I was under the mistaken impression this concert in the intimate Person Hall was to have been performed by members of the faculty of the Department of Music. The names of Brahms, Fauré, and Shostakovich are irresistible bait. I rarely attend student chamber music performances because, in order to give exposure to a maximum number of players, only select movements from works are performed. That was the case for this concert which featured fourteen promising students in a wide-ranging repertoire. The venue has a lot of hard surfaces which can make for some glaring ff if the audience is small, which was the case for this program.
Robert Schumann (1810-1845) waited until late in life to compose any serious chamber music. Beginning in 1842, he composed six substantial works beginning with Fantasiestücke for violin, cello, and piano, Op. 88. It consists of four movements with German character designations. Both Clara Schumann and Felix Mendelssohn thought this first effort was “too far-fetched” so the composer laid it aside. He eventually brought it out in 1849 when he learned of Chopin’s death, and it was published in 1850. Meanwhile, Schumann had composed two piano trios, Trio in D minor, Op. 63 and Trio in F, Op. 80. The earlier Op. 88 features intensely concentrated melodies.
Only the second movement “Humoreske-Lebhaft” and the fourth movement “Finale-Im Marsch-Tempo” of Op. 88 were played. The piano lid was fully raised for all the works on the program that required keyboard. However this was problematic in Op. 88 leading to too much forced loud string playing not mellowed by the hall. Otherwise, violinist Ina Liu, cellist Audrey Cook, and pianist Christina Lai gave a good account of this seldom heard work. Intonation and phrasing was generally good.
English composer and pianist John McCabe (b.1939) is probably better known for his 1974-76 Decca recordings performing the complete piano sonatas of Joseph Haydn. His Three Folk Songs (1963) was a delightful chance to sample his compositional style. According to McCabe on Chester Novello website, he treats the first song, “Johnny has gone for a soldier,” like an art song but with “a few slight rhythmic dislocations.” At one point in the second song “Hush-a-ba, Birdie, croon, croon,” there is “a canonic treatment of the tune between the voice and clarinet.” About the clarinet and piano making references to several nautical songs between verses in the third song, “John Peel,” McCabe says “it seemed like a good idea at the time.” The folksong is about a Scottish gentleman-farmer who hunts. Balance was better between the keyboard, clarinet, and singer than in the Schumann Op. 88. Soprano Maria Palombo displayed fine diction and an evenly supported voice. The hall tended to emphasize its brightness. Clarinetist Schuyler Tracey’s breath-control, articulation, and phrasing were delightful and pianist Crystal Wu's support was excellent.
To play chamber music by Dmitri Shostakovich (1906-1975) is an immense challenge demanding solid technique and considerable depth of understanding of the hidden meanings of works designed to escape censors’ notice.

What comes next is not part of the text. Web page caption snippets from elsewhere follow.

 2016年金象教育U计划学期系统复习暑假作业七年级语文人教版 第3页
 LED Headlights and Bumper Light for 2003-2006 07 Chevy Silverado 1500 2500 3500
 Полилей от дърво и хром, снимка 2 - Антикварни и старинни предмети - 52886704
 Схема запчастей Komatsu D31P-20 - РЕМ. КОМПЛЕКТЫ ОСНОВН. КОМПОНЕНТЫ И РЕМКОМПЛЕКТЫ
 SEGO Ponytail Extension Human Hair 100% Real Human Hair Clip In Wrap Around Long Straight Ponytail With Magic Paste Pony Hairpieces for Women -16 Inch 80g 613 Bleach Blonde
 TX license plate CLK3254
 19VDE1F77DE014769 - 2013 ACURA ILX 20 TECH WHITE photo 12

Quartet No. 6 in G, Op. 101 (1956) dates past Stalin’s death and was written while the composer was on his honeymoon with his second wife Margarita Kainova. The unlikely pairing ended in 1959. The cheerful mode of this work, in strong contrast to earlier and later works, is suitable for students. The first movement, “Allegretto,” creates a carefree mood using nursery tunes. The key tunes were well brought out by first violinist Laura Pianowski, second violinist Kendra Griffin, violist Stephanie Zimmermann, and cellist Katie Brvnik. Balance, intonation, and phrasing were good.

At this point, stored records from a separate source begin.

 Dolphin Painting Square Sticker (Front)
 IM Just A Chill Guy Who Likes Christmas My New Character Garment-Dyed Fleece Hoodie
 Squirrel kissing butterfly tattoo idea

I have never found any profound depths in the works of Jean Francaix (1912-1997). The prolific neoclassical French composer just turned out oodles of immaculately scored pieces stamped with the French love of color and élan. Quartet for flute, oboe, clarinet, and bassoon was a perfect choice for student musicians, and its brevity allowed for a complete performance of all four movements. Flutist Philip Snyder, oboist Beau Emory, clarinetist Betsey Unger, and bassoonist Erin Lundsford met every demand of this work displaying superb individual skill as well as excellent ensemble. This was the most entirely satisfying performance of the evening.

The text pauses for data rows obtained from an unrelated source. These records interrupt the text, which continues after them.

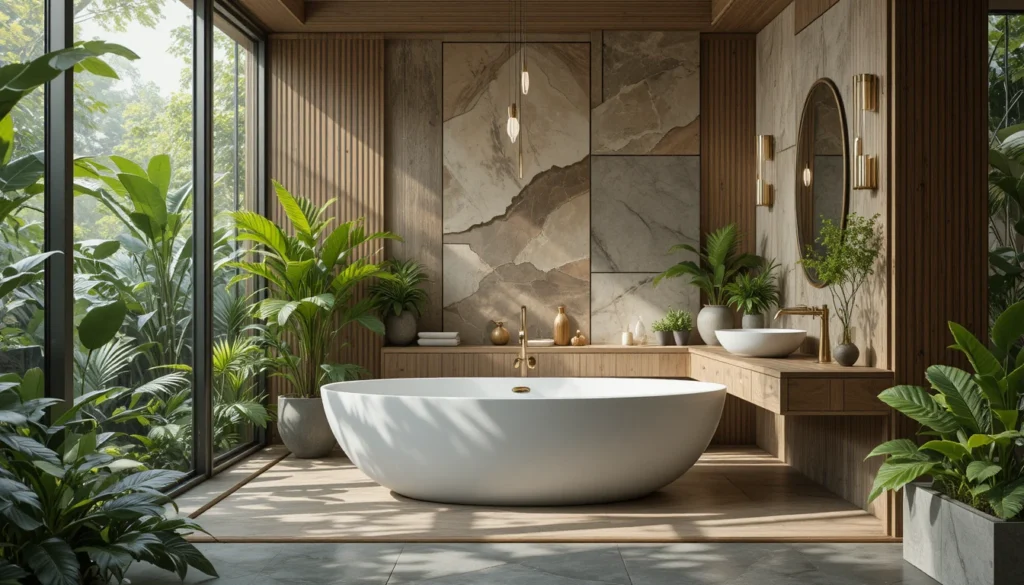 Luxury Bathroom & Shower Design Ideas 11 Luxury bathroom with greenery, natural wood textures, and organic spa vibes.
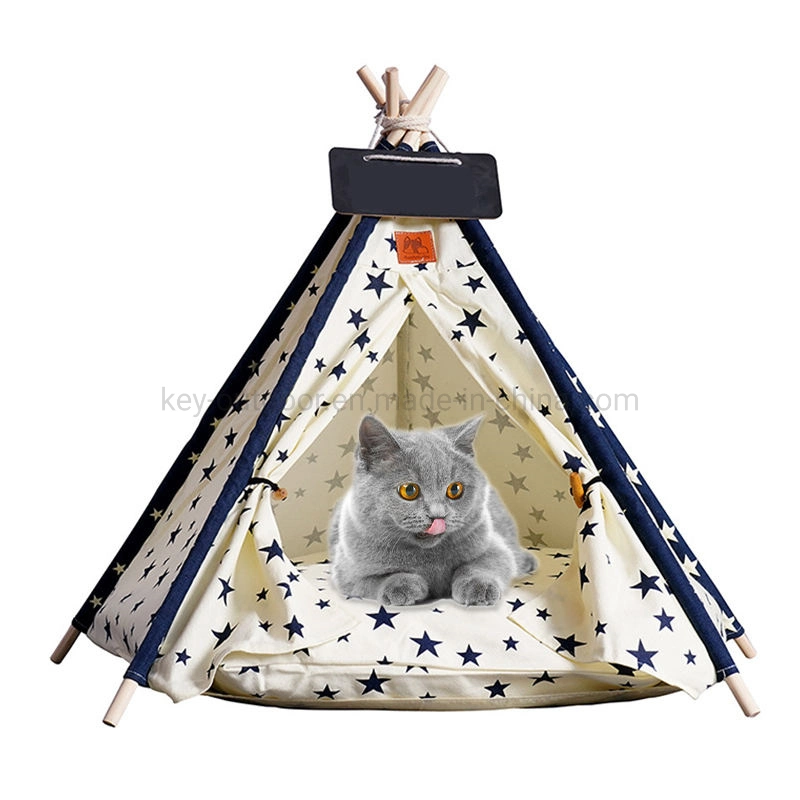 Pets Foldable Poles Soft Tipi Warm Comfortable Teepee High Quality Cushion Dog Cat Pet Tent Cage Carrrier House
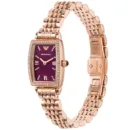 Emporio Armani Two Hand Diamonds Burgundy Dial Rose Gold Steel Strap Watch For Women - AR11488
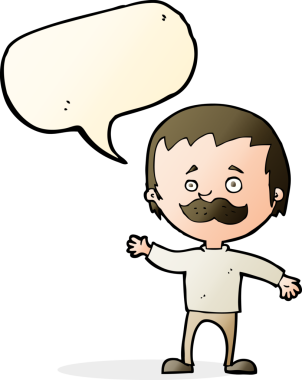 Bir insan tarafından çizilmiş konuşma baloncuğuyla bıyıklı çizgi film adamı.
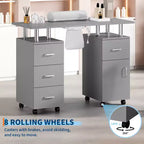 COZONY Table de manucure avec collecteur de poussière électrique, 4 tiroirs, armoire de rangement, repose-poignet et roulettes verrouillables, pour salon et maison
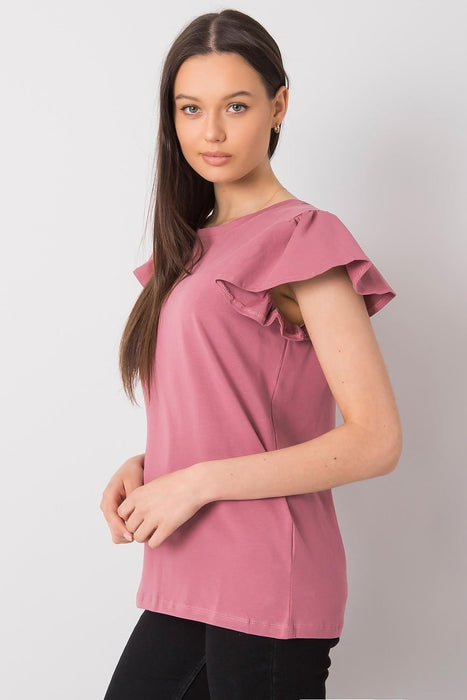 Chic Frilled Cotton Short-Sleeve Blouse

There was much to enjoy in the liveliest sections from two major works of the piano quartet repertoire which ended the concert. The second movement, “Scherzo, allegro vivo,” from Piano Quartet No. 1 in C minor, Op. 15 by Gabriel Fauré was followed by the rousing “Finale: Rondo alla zingarese” from Piano Quartet No. 1 in G minor, Op. 25 by Johannes Brahms. First violinist Christin Danchi, second violinist Margaret Neville, cellist John Reardon, and pianist Suzanne Crabtree gave both selections their considerable all and made up in heart for any lack of polish. The episode with muted strings in the Fauré was very successful. The group was sensitive to the different composer’s unique tonal palette.